厚生労働省が発表した「令和4年(2022年)の障害者雇用状況の集計結果」において、民間企業における各障害区分別の内訳は、身体障害者(58.3%)、知的障害者(23.8%)、精神障害者(17.9%)となっています。一方で、独立行政法人 高齢・障害・求職者雇用支援機構(JEED)が2021年3月に実施した 「除外率制度の対象業種における障害者雇用に関する実態調査」‎によると、除外率適用業種に従事する障害者は一部の職種を除き身体障害者が8割以上を占め、知的障害者・精神障害者の割合は低いといった調査結果が出ています。

特例子会社の数が少ない

弊社調べによると(注1)、民間企業の全業種における除外率対象の業種が全業種に占める割合(企業数・常用労働者総数ともに)は約20%程度と推測されます。また、それら除外率対象の企業の内、特例子会社を有する企業の割合は約11%程度と推測され(注2)、特例子会社を有する企業の割合は決して高い水準とはいえない状況です。

障害者雇用市場の状況・必要な対応方針について

厚生労働省が発表した「令和4年(2022年)の障害者雇用状況の集計結果」においても、障害種別ごとの雇用数では、知的障害者と精神障害者は前年よりも増加したものの、身体障害については微減(対前年比0.4%減)に転じており、身体障害者のみで雇用率を満たすことは、非常に難易度が高い状況と言えます。除外率設定業種の法人企業の場合、これまで進めてきたような身体障害者中心の雇用から、雇用が進んでいない障害区分(精神障害・知的障害)への雇用拡大も必要不可欠となります。また、これまでの「配慮が少なく一般部署にて採用が出来た人材層」から、特例子会社などの集合配置を職域とした「雇用吸収力が見込める層」への拡大も視野に入れなければ、今後の雇用率アップ・除外率廃止といった状況に対応できなくなる可能性が高いといえます。

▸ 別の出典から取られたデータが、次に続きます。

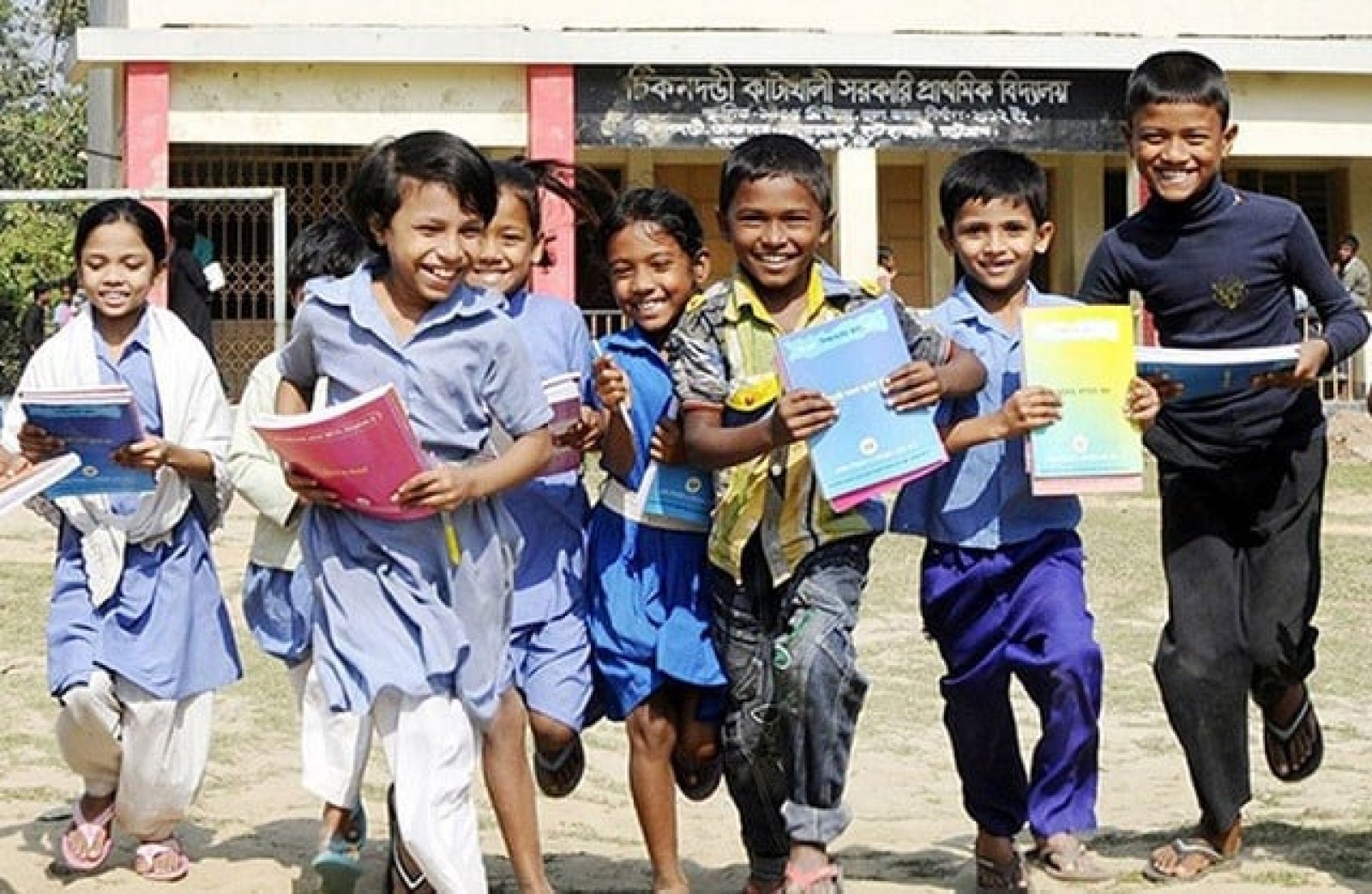 দীর্ঘ ছুটি শেষে রোববার খুলছে সব শিক্ষাপ্রতিষ্ঠান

障害者雇用の現市場環境については、以下の記事をご参照ください。

・身体障害者と精神障害者の年齢構成比較
・企業の雇用モデル分布 大企業と中小企業の違い

提言:引き上げとなる法定雇用率・10%削減となる除外率に対する対策

量の確保:集合配置型(事務センター・特例子会社)の雇用検討

「雇用吸収力が見込める層への拡大」を進めるにあたり、集合配置型の雇用を検討するのは有効な手段です。各事業部・グループ会社より、定型業務を切り出し、事務センター・特例子会社の設立を進めることを考えても良いかもしれません。本施策を進める場合、時間・工数ともにかかりますが、2~3年先を見越した場合、有効な打ち手となり得るでしょう。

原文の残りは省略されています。